En la arena política las emociones actúan con frecuencia de protagonistas. Por ejemplo, la ira, que a veces toma las riendas de los debates políticos y convierte en un lamentable, por no decir cómico, espectáculo la necesaria confrontación de ideas y puntos de vista. Tal vez porque la ira se asocia aquí a otras emociones como el orgullo, la envidia o el odio. No es esa ira moral que busca la justicia con firmeza, sino la ira que movida por otras oscuras emociones solo pretende desgastar o destruir al adversario político.

Otras veces el protagonista es el miedo. La estrategia de ‘apelar al miedo’, recurso utilizado hasta el abuso por la publicidad y la propaganda política, consiste en inocular una potente dosis de miedo para forzar la elección del producto o de la opción política que ofrece el que utiliza esta arma. El apelar al miedo puede estar justificado en las campañas de prevención de accidentes de tráfico («El miedo guarda la viña»), pero no cuando se utiliza desde las tribunas exclusivamente para descalificar otras alternativas políticas –caricaturizadas–, sobre todo cuando el peligro es magnificado o imaginado.

El ciudadano debe elegir este mes entre las diferentes opciones que se le presentan, maquilladas y disfrazadas con sus mejores galas. Difícil tarea la de tomar una decisión sin poseer la información suficiente para diferenciar la verdad de la no verdad. El ser humano, que por costumbre opta por el camino más breve y por ahorrar esfuerzo, utiliza en la toma de algunas decisiones un atajo mental denominado heurístico del afecto. Las emociones que suscitan inmediata y no conscientemente las siglas de un partido político o la imagen de su líder, sustituye al análisis objetivo y crítico. Es el grave error de separar la emoción de la razón e incurrir en la visión dicotómica y miope de buenos o malos.

Las emociones tienen la importante función de alimentar y orientar la acción. El razonamiento sin las emociones correría el riesgo de paralizar la acción. Pero no conviene que las emociones, sobre todo las negativas, adquieran tal protagonismo que lleguen a erigirse en tiranas y secuestren también las papeletas de las urnas, como con frecuencia secuestran a los líderes y a los militantes de los partidos políticos. No se pretende que la selección de la papeleta electoral sea el resultado de razonamientos silogísticos ni matemáticos, pero sí de una decisión serena y lo más objetiva posible, en la que la emoción no se separe de la razón. Es optar sin apasionamiento por la opción que ofrezca más garantías –y no solo bellas y huecas palabras–, de trabajar por el bien de todos los ciudadanos.
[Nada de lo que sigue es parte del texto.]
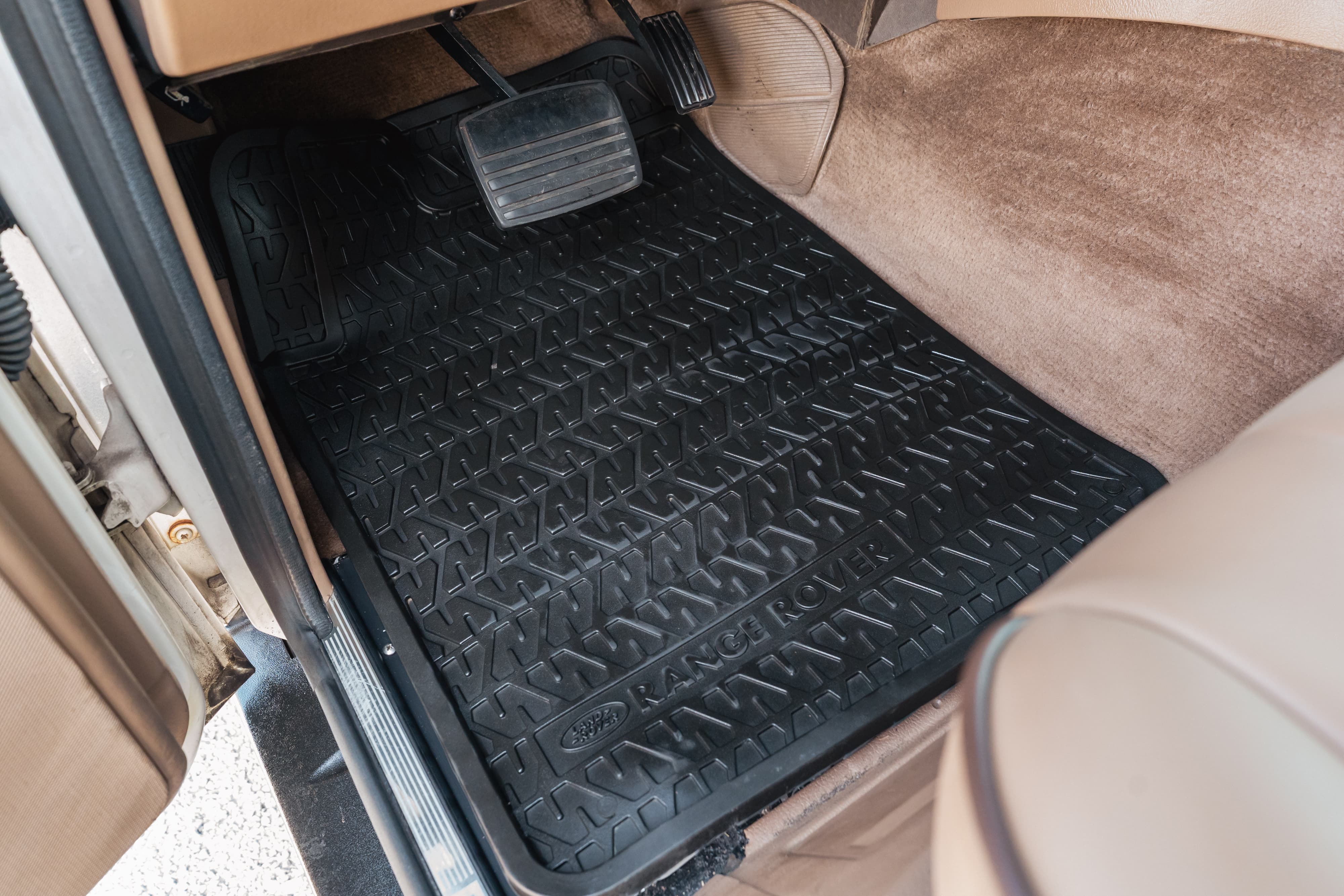 Black Range Rover floor mats with a tire tread pattern on beige carpet.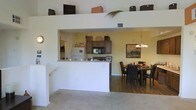 This single-floor space showcases an open-concept layout that seamlessly connects the kitchen, dining area, and living room. The kitchen features dark wood cabinetry, a black microwave, a full-size refrigerator, and a raised breakfast bar with a pass-through window that opens directly to the adjoining areas, promoting a sense of connectivity throughout the space. Upper shelving near the ceiling provides additional storage and display space, taking advantage of the notably high ceiling height. The dining area is anchored by a round dark-wood table surrounded by matching dark upholstered chairs, illuminated by an elegant chandelier that adds warmth to the space. Warm yellow-toned walls in the kitchen and dining area contrast with the neutral, light-colored walls of the living area, creating a subtle visual distinction between zones. The flooring transitions from carpet in the living area to hard flooring in the dining and kitchen spaces. A framed piece of artwork adorns the dining room wall, adding a decorative touch. The generous ceiling height throughout contributes to an airy, spacious ambiance across the entire floor plan.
Y hablando de emociones no me quiero olvidar de la felicidad. La primera Constitución española, la Pepa, proclamaba en 1812 que «El objeto del Gobierno es la felicidad de la Nación, puesto que el fin de toda sociedad política no es otro que el bienestar de los individuos que la componen» (III, 13). El concepto de felicidad se ha enriquecido desde entonces para incluir, además de una vida agradable, una vida comprometida con los principales valores humanos (verdad, justicia, honestidad…) y una vida con sentido. Esta auténtica felicidad, hermana inseparable de la justicia y de la armonía social, debe reinar en los colegios electorales, medios, redes sociales y centros de decisión, a la vez que ser el espejo en el que se miren los políticos y todos los ciudadanos.